Economists, analysts and tax advisors have all kinds of short-, medium- and long-term solutions. But they are not the ones who have to meet the pay-roll and keep the businesses ticking. It is businesspeople who know better since they face this real problem head-on.
They are no angels either. They are forced to cut corners. They are perhaps the most generous as they give a far bigger share of their income to charities than any other class. That is why Pakistanis are considered as a charitable lot but the world regards them with low esteem when it comes to tax collection.
Therefore, our taxation system needs to be overhauled. People must see and feel that their taxes are working for them. And, improving the quality of their life. When people are forced to spend money to buy civic amenities such as clean drinking water and keep a private army of guards to protect themselves and their loved ones, they then question whether or not the state doing anything for them.
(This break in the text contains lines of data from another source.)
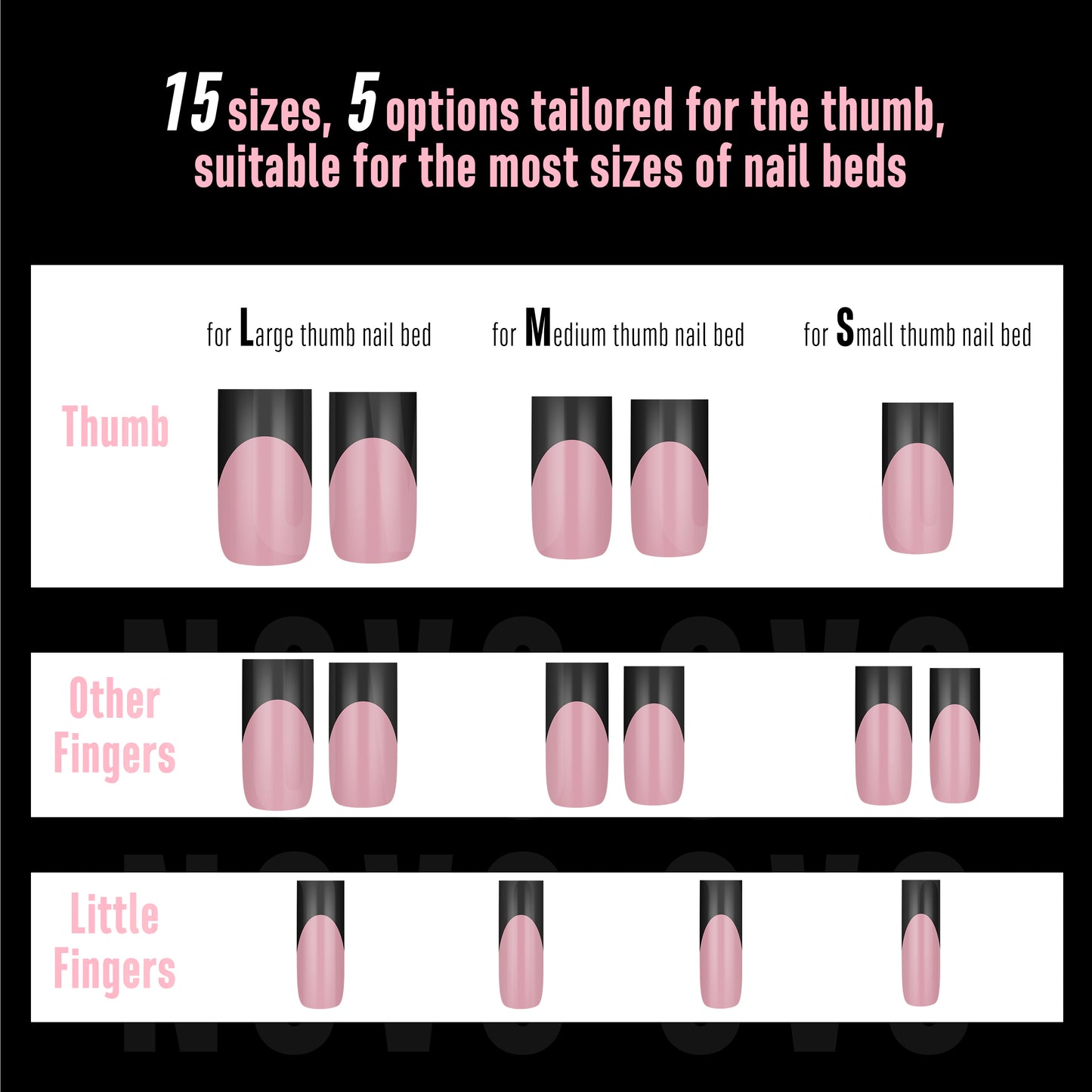 Meidum Sharp Square Black French Tip Naili Tips Berry Pink 180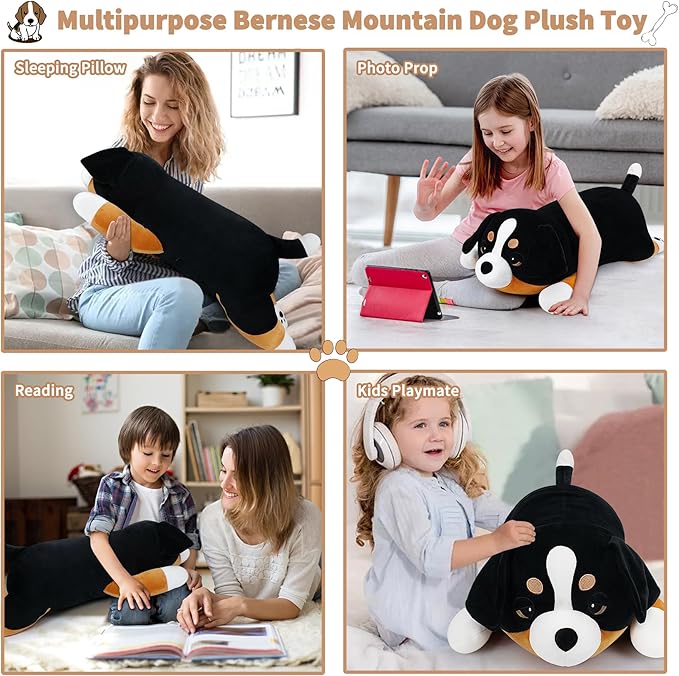 30'' Giant Bernese Mountain Dog Plush Stuffed Animal- Bernese Mountain Dog Plush Pillow Plushies, Large Sleeping Stuffed Animals Plushie Toy, Big Body Pillow Birthday Gifts for Kids Girls Boys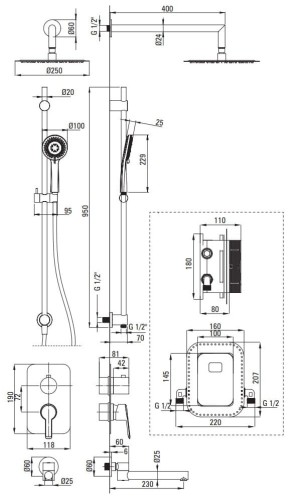 Zestaw prysznicowy z BOXem mieszaczowym Arnika Deante chrom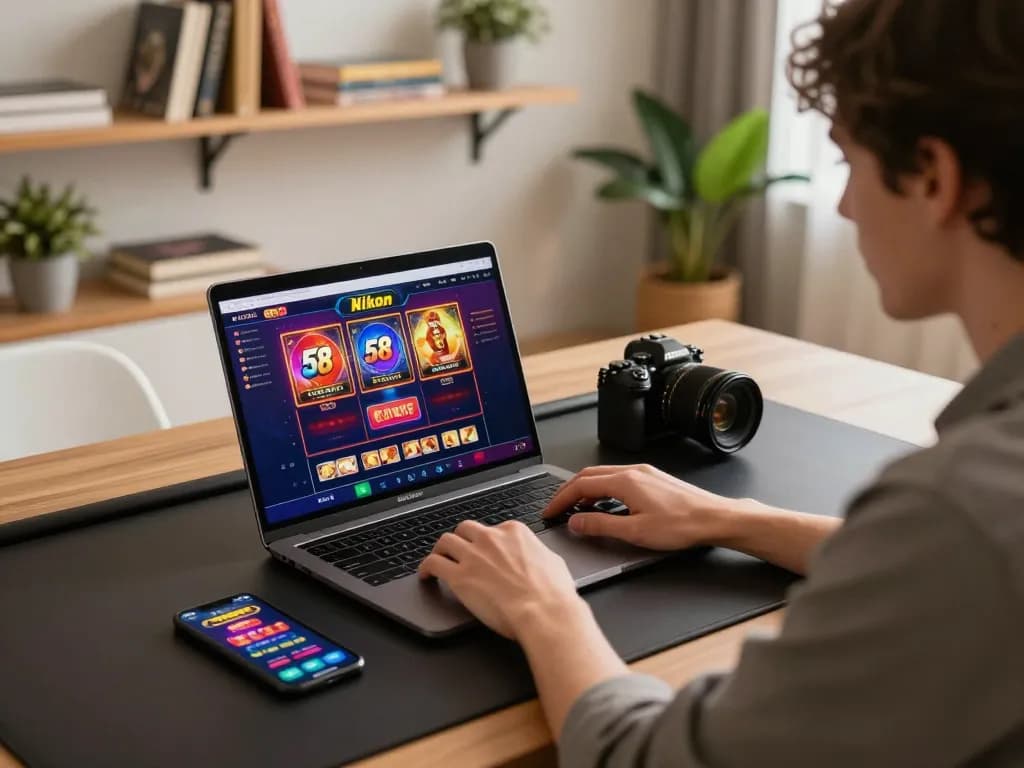 Enjoying online gaming at 58win with a vibrant casino interface on laptop and smartphone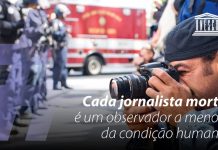 Cartel de la Unesco en portugués denunciando el asesinato de periodistas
Non-taxpayers need to feel shunned and see taxpayers are respected and not hounded.
Only then will the non-taxpayer be incentivized to join the list of taxpayers. We need to keep the differentiation in rate for filer and non-filer. If the rate for non-filer is punitive, only then will it not be passed on. And, it would encourage a non-filer to become a filer.
According to the plea of retailers, it is not they do not want to pay taxes and willingly accept that they have been stealing tax by under reporting their turnover. “If all of a sudden their turnover goes up – they would end up attracting the revenue hound who would want a piece of meat for himself by subjecting them to all kinds of audit.
They would be hard pressed to justify their total expenses paid for by their hidden income. The Finance Minister needs to be cognizant of this challenge and needs to build their trust and bring them into the tax net gradually. He will also be required to keep his tax hounds away from them.